Why render on the substrate at all (scope of the claim). We are not claiming this is faster or better than a GPU shader or a CPU rasterizer; for raw pixel throughput it is neither. The point is uniformity: in a system where application logic already runs as tensor operations on this substrate (the direction of the Sutra/Yantra work), rendering the interface on the same fabric removes a host boundary rather than adding one. The contribution is the demonstration that the interface — frame, parameters, text, and a live preference loop — can live on that fabric with a measured account of fidelity and of exactly which parts remain host-side, not a performance result against conventional renderers.
Contributions:
- Whole-frame substrate rendering. A frame is computed by one substrate operation that returns the entire image as a single buffer vector (§2); the host only builds coordinate geometry and paints.
- Runtime-parameter rendering with no recompilation. A parameter vector θ is supplied as per-call broadcast buffers, so an optimizer changes the picture by changing call arguments, not code (§2, §4) — the property the steering loop depends on.
- Substrate text rendering. Glyphs are rendered on the substrate via a bound-vector font; a headline is the concatenation of substrate glyph fields (§3).
- Gradient steering through the substrate render. Because the render is differentiable, a warmer/colder preference loop trains a small reward model and an Adam optimizer backpropagates through the substrate render to θ, morphing the substrate-rendered hero (§5). Gradients passing through the render — not a zeroth-order black box — is the load-bearing fact; we measure that they do (§7).

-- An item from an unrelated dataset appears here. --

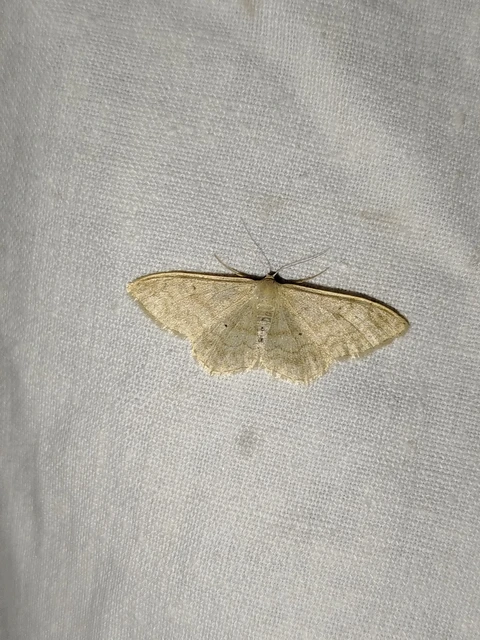 Idaea deversaria - egyszínű sávosaraszoló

The render fidelity (§6) and the steering soak (§7) are both measured on the built demo; §8 states what we are not claiming.
2. Whole-frame substrate rendering
The renderer is a Sutra program. Sutra is a purely functional language whose only
value type in this demo is vector (a tensor on the substrate) and whose operations are
tensor operations; a program is a set of typed functions. The hero renderer is the
following Sutra source (demos/gui/frame_hero.su), reproduced verbatim:
function vector hero(vector x, vector y, vector ones,
vector cx, vector cy, vector invs,
vector bright, vector radius, vector accent, vector bg) {
vector dx = x - cx;
vector dy = y - cy;
vector r2 = hadamard(dx, dx) + hadamard(dy, dy);
vector glow = ones - hadamard(invs, r2);
vector rr = hadamard(x, x) + hadamard(y, y) - radius;
vector ring = ones - hadamard(rr, rr);
return bg + hadamard(bright, glow) + hadamard(accent, ring);
}The surface is small and total: function <type> name(params) { … } declares a function;
vector v = expr; binds a local; hadamard(a, b) is the elementwise (Hadamard) product;
infix +/- are elementwise add/subtract; there is no control flow, no mutation, and no
host escape in this program. Each construct compiles to one PyTorch tensor operation
(a*b, a+b, a-b) over length-(N·N) buffers, so the whole function is one fused
sequence of tensor ops with no Python-level loop over pixels. Because every operation is a
differentiable tensor op, the compiled function is differentiable in its vector
arguments end-to-end — the property §5 and §7 use. (The full language has more — map/
dict codebooks, bind/unbind/bundle, loop, defuzzification — but the renderer uses
only this fragment; the substrate font in §3 is where the pretrained-embedding codebook
enters.)
The host builds, at compile time, the coordinate geometry of the grid: for an
N×N frame it produces length-(N·N) buffers x, y, and ones. The substrate
program consumes these and returns one length-(N·N) vector that is the frame.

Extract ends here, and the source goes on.